Because the terms half step and whole step describe sounds,
it doesn't matter how they are notated, we can use any enharmonic spelling we like.
So, for example, these two notes on the piano [SOUND] form a half step,
regardless how they are spelled.
The notes could be called E and F.
[SOUND] E and E sharp.
[SOUND] F flat and F.
[SOUND] Even E and G double flat.
All of these spellings produce the same sounding notes which form the sounding
interval called a half step, but when we start working with scales, and keys,
and notated music, the spellings of notes do make a difference.
In C major, the key with no sharps or flats,
the diatonic spelling of these two notes [SOUND] is E and F.
In addition to describing the sound as a half step, we have a precise way of
labeling this half step based on the spelling of the notes that form it.
In this size quality labeling system, we refer to the so-called generic
size of the interval with a number, such as a 2nd or a 3rd, to which we
add a quality label such as major, minor, perfect, diminished or augmented.
The size label is based on notes spelling and
the quality label is based on the number of half steps.
Let's talk about the size label, the interval between a note and
itself, or another note with the same note letter name but a different accidental,
would be called a 1st, except that we traditionally refer to it as a unison.
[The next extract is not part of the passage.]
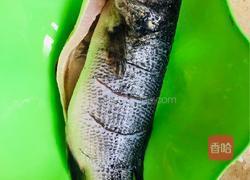 清蒸鲈鱼的做法图解1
A note to the note with the next letter name such as C to D is a second,
and so on, up to the interval between low C and high C, which is an 8th,
which we typically call an octave.
Notice that a second is the interval between notes that are separated by
one notated letter names, such as E to F or
A to B, regardless of what they sound like and regardless of accidentals, so
this E to F is a second, as is this E flat to F.